Sicilian coffee culture
If you’ve never had a cappuccino whose cup was lined with pistachio cream or an Italian croissant-like cornetti filled with the same confection, then you may want to join the throngs at Casasalvo, the new Italian café and marketplace on my block on the Upper West Side. Created by Sicilian-born chef Salvo Lo Castro, who’s almost always holding court on the premises, his café’s broad appeal is multi-pronged: everything is quite delicious, coffees are priced from $2.50 to $3.50 and he’s orchestrated a pleasant, densely packed sidewalk café ambiance beneath umbrellas that almost transports you to an Italian piazza, except, of course, you’re on Amsterdam Avenue.
And shout out to West Side Wine, my friendly neighborhood wine shop, whose buyer keeps my European dreams alive by deftly pointing me to rosés from Provence that make me feel like I’m still on the Mediterranean or a Spanish Tempranillo in anticipation of the Balearics.
On Broadway
As part of my personal DNC programming, I caught Suffs, the musical, on night three (if Hillary Clinton can’t be president at least she can be a Broadway producer) where I half-expected Kamala to make a surprise appearance, flown in from the loft in a pantsuit to end Act I. The show was an absolute joy, composed in the tradition of the golden age of musicals with all its pathos and comedy, while also feeling thoroughly modern in charting the oft-forgotten history of the women’s suffrage movement. Created by and starring Shaina Taub (who won the Tony Award for Best Book and Best Score), it was as inspiring to see her take the stage as it was to watch the story she conceived unfold with an all-female cast—what an artistic achievement!
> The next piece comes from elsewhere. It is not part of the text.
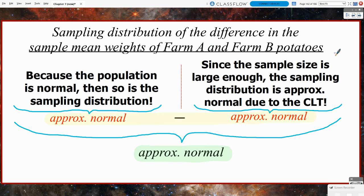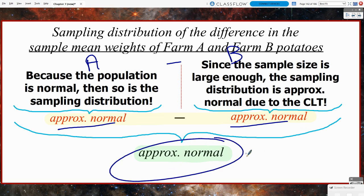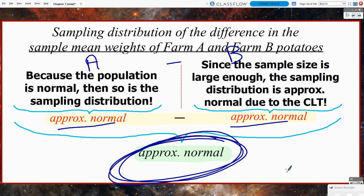Now we're looking at the sampling distribution of the difference in the sample mean weights of Farm A and Farm B, comparing the mean weights from our two random samples by subtracting them. This is very similar to what we covered in chapter 6 and to the sampling distribution of the difference in sample proportions. When we subtract these, the rules for combining random variables still apply. A normal distribution minus a normal distribution is still approximately normal. It's key that both sampling distributions are approximately normal — if one is not, we cannot guarantee the difference will be approximately normal.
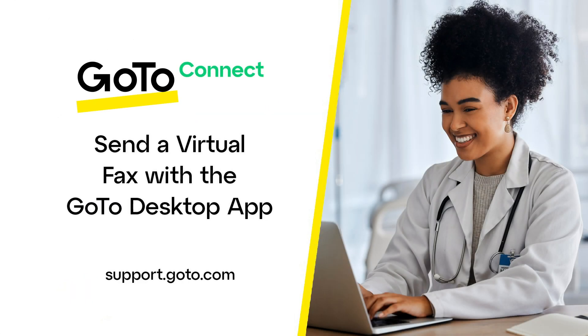That's all there is to sending a virtual fax with the GoTo desktop app. Thank you for watching the video. I've included links to additional videos about GoTo's products and features in case you want to learn more.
As we’re now on the precipice of electing the first female president of the United States, it was remarkable to sit in the audience honoring the history of the movement, while simultaneously living through its latest chapter.
And speaking of getting Kamala elected: I’ve stuck to my pledge to volunteer for at least one shift per week until election day with the DNC as my deadline to get started. I’ve already got a month’s worth of both in-person and virtual phone banking and letter writing campaigns on my calendar with the Democratic National Committee, Vote Forward and Swing Left. So why don’t you join me? Because, ya know: when we fight, we win!
And then we caught “Oh, Mary!” (through Nov. 10), which is basically a theater kid playing Barbies with presidential history and a completely accurate depiction of womanhood—another thunderous artistic achievement. Bravo Cole Escola!
And where does one go for post-matinee martinis and Caesar salads (and cheeseburgers)? Joe Allen, always.
Day Tripping
Where does one go, rudderless and adrift, upon returning to Manhattan after a day trip via Metro North to Cold Spring (brunch, cruising Main Street, kayaking with Hudson River Expeditions) and realizing Grand Central Oyster Bar is closed on Saturday nights? After passing Aidan on Madison Avenue taking a selfie with a fan (what was he doing in Midtown on a Saturday night when Carrie lives in Gramercy now?), we somehow wound our way to the golden glowing lights of Monkey Bar on E. 54th Street and proceeded to order the most expensive martinis on the menu and chat up some North Brooklynites out for dinner and drinks at the bar post-MoMA field trip who thought, by virtue of our simply being at Monkey Bar in Midtown East on a Saturday night, that we must be young Republican daughters of moguls and titans of industry (even though I was wearing Birkenstocks). The imaginations on people.